Firebot is a thermally insulated, wirelessly controlled robot that locates victims in structural fires without requiring firefighters to enter unsafe buildings.

Innerva Conduit
Juan Diego Carrizo, Bruce Enzmann, Michael Lan and Anson Zhou, Johns Hopkins University

This cone-shaped device made from a polymer nanofiber can be implanted during targeted muscle reinnervation to act as a bridge between nerves, helping to prevent chronic neuroma pain.

MAQR Bracelets
Katelyn France, University of Minnesota Duluth

MAQR bracelets are advanced emergency medical bracelets that include a quick response code (QR code) to enable instant access to a patient’s medical information.

Graduate Finalists

Len Assakul, Pratik Doshi, Anish Nigade and Kelly Yang, Duke University

This cerebral protection device is the first of its kind to protect all three major vessels to the brain during a transcatheter aortic valve replacement (TAVR) procedure, significantly reducing the risk of a stroke.

Mahdi Al-Husseini and Joshua Barnett, Purdue University and Stanford University

Aura is the first tool to allow pilots to dynamically track their in-flight performance data, leading to more effective and efficient flight training.

Living Functional Materials
Tzu-Chieh Tang, Massachusetts Institute of Technology

New methods in applying engineered living materials (ELMs), including Deployable Physical Containment Strategy (DEPCOS), have the potential to drastically reduce the costs of monitoring water quality.

Shrish Patel, Stony Brook University

SolarClear uses autonomous EDS solar-panel-cleaning technology to efficiently clear the dust from large-scale solar power plants and is especially useful in desert regions. 

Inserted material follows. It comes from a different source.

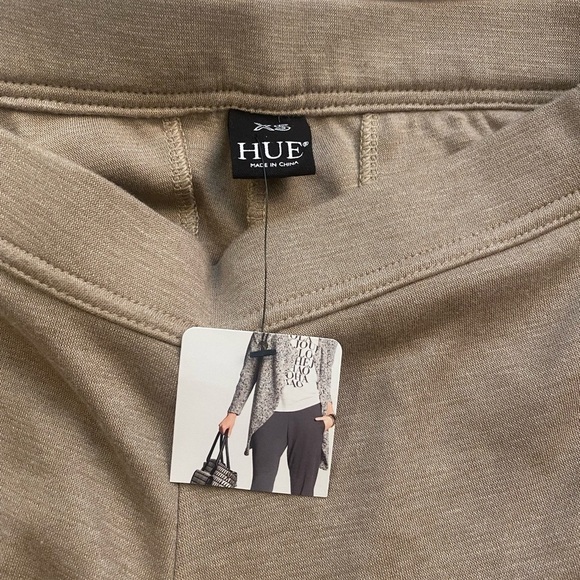 NWT Hue Heather Oatmeal Jersey Relaxed Weekend  Travel Jogger - Picture 3 of 10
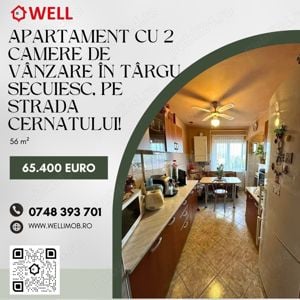 Apartament cu 2 camere de vânzare în Târgu Secuiesc, pe strada Cernatului!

Daniela Blanco, New York University

Using an electrotechnical process to produce synthetic organic reactions, Sunthetics is the first company to offer AI-optimized chemical reactors for the electricity-driven production of chemicals.

Maha Alafeef, University of Illinois at Urbana-Champaign

Using an electrochemical biosensor paired with an electrical reader, this rapid test for COVID-19 is over 98% accurate and can be administered entirely at home.